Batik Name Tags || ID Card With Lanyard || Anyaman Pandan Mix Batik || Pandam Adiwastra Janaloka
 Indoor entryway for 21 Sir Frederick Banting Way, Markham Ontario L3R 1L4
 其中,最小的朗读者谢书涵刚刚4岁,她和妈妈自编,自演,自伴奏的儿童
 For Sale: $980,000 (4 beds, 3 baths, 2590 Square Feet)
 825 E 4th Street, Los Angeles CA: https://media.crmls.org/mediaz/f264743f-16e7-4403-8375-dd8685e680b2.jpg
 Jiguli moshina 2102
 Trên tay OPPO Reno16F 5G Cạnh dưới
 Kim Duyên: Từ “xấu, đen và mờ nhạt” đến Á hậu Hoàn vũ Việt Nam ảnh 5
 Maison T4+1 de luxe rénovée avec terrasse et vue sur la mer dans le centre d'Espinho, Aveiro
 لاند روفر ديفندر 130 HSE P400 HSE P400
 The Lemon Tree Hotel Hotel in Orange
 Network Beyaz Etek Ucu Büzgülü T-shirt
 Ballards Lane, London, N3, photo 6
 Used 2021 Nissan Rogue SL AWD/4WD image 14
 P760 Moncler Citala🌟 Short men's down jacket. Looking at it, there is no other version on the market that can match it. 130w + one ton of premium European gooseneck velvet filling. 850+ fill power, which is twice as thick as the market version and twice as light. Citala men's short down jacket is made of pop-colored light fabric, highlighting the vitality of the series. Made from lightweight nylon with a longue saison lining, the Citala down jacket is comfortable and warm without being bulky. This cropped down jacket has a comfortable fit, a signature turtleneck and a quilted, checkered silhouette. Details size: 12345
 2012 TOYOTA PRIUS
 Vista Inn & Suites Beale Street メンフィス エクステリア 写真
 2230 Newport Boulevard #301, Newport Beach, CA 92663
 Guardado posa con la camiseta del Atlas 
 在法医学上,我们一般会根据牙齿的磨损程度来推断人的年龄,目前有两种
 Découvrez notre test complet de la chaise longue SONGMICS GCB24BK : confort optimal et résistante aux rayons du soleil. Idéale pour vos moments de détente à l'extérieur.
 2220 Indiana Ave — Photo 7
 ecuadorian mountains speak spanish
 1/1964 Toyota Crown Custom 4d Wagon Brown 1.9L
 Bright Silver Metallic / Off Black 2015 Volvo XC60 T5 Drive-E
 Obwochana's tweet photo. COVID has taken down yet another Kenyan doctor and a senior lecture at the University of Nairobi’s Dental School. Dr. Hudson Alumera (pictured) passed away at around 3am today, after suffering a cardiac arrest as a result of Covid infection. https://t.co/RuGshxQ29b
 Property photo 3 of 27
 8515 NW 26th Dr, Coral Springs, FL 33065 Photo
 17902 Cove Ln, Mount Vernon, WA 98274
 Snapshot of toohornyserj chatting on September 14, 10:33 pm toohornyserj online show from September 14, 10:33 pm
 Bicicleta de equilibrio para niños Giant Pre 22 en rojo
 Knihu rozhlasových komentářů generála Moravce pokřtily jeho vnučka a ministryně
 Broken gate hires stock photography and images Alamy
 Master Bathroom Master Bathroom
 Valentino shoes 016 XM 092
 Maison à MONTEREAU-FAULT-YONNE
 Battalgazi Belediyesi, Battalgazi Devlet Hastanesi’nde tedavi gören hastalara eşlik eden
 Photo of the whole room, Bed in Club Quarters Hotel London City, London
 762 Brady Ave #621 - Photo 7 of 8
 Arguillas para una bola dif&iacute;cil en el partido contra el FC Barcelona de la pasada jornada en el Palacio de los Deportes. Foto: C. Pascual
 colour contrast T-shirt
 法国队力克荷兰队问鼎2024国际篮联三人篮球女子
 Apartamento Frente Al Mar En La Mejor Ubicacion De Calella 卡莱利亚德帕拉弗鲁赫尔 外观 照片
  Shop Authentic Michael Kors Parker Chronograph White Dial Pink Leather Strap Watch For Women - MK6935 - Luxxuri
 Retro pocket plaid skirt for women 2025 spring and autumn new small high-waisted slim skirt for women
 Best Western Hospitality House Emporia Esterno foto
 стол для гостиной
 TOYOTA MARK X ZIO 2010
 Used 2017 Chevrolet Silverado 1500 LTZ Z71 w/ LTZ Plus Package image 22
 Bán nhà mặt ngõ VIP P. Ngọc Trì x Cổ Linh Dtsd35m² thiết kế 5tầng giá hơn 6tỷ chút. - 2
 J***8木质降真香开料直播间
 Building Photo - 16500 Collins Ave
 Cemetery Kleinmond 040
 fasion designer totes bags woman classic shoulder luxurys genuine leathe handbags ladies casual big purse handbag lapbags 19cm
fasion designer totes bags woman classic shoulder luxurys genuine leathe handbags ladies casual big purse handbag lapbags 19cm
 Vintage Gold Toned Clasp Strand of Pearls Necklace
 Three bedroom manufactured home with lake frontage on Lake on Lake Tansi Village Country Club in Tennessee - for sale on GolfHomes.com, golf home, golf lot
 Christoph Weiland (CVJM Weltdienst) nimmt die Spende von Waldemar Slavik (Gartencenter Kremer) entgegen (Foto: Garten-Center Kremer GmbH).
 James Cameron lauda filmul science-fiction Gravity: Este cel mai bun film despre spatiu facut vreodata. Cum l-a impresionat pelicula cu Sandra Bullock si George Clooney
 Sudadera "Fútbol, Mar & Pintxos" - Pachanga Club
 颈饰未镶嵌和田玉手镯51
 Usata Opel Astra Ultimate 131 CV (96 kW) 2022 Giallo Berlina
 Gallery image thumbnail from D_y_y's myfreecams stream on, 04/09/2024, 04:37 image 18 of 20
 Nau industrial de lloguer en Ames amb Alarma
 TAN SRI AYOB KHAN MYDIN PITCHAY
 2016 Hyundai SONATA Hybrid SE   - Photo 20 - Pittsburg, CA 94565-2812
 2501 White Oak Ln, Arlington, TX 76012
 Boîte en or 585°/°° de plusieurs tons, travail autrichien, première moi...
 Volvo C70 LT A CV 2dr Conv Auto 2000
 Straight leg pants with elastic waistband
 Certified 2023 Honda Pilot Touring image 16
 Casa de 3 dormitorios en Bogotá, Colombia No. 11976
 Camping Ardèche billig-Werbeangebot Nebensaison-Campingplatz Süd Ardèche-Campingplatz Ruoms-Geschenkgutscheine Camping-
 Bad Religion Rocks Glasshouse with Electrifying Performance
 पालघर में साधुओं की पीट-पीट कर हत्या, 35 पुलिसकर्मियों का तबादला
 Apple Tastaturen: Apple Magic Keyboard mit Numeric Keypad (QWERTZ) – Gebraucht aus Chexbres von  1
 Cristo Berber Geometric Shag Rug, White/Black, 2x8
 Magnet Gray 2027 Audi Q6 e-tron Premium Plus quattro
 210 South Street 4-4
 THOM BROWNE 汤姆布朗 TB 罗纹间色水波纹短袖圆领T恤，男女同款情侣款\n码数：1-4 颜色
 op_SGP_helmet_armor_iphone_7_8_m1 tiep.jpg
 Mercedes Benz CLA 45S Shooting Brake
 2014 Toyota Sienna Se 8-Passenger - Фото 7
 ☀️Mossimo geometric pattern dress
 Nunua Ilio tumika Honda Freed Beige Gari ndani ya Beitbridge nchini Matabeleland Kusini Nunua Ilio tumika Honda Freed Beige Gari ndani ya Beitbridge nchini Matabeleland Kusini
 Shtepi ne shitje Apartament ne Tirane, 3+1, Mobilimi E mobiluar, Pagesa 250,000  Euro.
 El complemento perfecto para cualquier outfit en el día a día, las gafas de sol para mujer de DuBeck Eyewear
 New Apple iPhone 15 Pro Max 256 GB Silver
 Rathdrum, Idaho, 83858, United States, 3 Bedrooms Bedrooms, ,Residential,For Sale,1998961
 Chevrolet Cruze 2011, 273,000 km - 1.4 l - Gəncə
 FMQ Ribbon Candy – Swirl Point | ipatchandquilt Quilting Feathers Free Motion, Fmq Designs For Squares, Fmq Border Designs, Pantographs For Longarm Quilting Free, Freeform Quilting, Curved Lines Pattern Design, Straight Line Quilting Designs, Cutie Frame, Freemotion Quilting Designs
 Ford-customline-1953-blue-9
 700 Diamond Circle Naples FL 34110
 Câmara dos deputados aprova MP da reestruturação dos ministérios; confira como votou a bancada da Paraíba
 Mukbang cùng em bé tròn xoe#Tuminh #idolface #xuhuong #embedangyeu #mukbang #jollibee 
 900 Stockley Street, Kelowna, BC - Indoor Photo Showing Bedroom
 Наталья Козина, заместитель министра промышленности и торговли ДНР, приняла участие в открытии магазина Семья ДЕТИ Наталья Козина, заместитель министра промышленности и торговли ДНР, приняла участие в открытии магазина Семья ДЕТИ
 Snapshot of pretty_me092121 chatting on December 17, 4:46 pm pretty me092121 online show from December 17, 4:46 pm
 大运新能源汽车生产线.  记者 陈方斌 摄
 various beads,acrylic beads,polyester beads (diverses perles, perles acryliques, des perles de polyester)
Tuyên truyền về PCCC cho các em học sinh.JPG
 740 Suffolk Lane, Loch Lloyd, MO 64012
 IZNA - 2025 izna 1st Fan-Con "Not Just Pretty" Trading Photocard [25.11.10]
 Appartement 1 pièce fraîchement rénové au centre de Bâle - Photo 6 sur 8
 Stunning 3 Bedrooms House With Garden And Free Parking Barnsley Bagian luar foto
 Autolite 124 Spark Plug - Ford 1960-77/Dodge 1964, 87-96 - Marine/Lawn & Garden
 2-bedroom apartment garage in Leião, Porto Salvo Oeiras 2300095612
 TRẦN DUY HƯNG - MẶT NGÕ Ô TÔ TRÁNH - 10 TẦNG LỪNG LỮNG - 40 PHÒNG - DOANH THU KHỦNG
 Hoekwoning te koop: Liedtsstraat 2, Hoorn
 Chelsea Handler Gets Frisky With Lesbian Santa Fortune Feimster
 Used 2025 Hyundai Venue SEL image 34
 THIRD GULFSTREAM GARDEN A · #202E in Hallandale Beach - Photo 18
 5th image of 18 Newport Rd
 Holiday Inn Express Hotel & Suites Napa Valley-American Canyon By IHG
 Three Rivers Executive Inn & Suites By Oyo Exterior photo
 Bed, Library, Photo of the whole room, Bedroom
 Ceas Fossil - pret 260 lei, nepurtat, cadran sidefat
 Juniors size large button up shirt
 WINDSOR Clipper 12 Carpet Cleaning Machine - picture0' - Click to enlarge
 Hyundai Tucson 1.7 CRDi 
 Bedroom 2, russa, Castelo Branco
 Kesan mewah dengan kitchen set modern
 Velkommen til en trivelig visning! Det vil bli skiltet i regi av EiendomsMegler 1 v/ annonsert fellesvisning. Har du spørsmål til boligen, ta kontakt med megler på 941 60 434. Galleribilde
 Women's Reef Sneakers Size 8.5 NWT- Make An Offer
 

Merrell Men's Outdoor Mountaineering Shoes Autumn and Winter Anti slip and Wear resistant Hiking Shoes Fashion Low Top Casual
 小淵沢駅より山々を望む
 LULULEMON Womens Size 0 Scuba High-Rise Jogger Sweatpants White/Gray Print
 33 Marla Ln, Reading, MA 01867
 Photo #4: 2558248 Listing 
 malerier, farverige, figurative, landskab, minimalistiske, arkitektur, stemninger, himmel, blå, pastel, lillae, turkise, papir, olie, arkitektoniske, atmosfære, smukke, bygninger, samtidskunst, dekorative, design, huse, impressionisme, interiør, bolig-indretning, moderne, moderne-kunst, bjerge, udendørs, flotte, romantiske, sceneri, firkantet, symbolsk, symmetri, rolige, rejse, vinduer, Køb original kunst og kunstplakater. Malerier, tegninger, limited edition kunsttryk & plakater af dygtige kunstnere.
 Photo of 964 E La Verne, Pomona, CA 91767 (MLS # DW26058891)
++++++++++++++++++++
▸ **What to produce**: Look above for the line holding "Master Bathroom Master Bathroom", then set down exactly that line and every line after it up to and including the line holding "Arguillas para una", with nothing else.

▸ **Solution to this problem**:
 Master Bathroom Master Bathroom
 Valentino shoes 016 XM 092
 Maison à MONTEREAU-FAULT-YONNE
 Battalgazi Belediyesi, Battalgazi Devlet Hastanesi’nde tedavi gören hastalara eşlik eden
 Photo of the whole room, Bed in Club Quarters Hotel London City, London
 762 Brady Ave #621 - Photo 7 of 8
 Arguillas para una bola dif&iacute;cil en el partido contra el FC Barcelona de la pasada jornada en el Palacio de los Deportes. Foto: C. Pascual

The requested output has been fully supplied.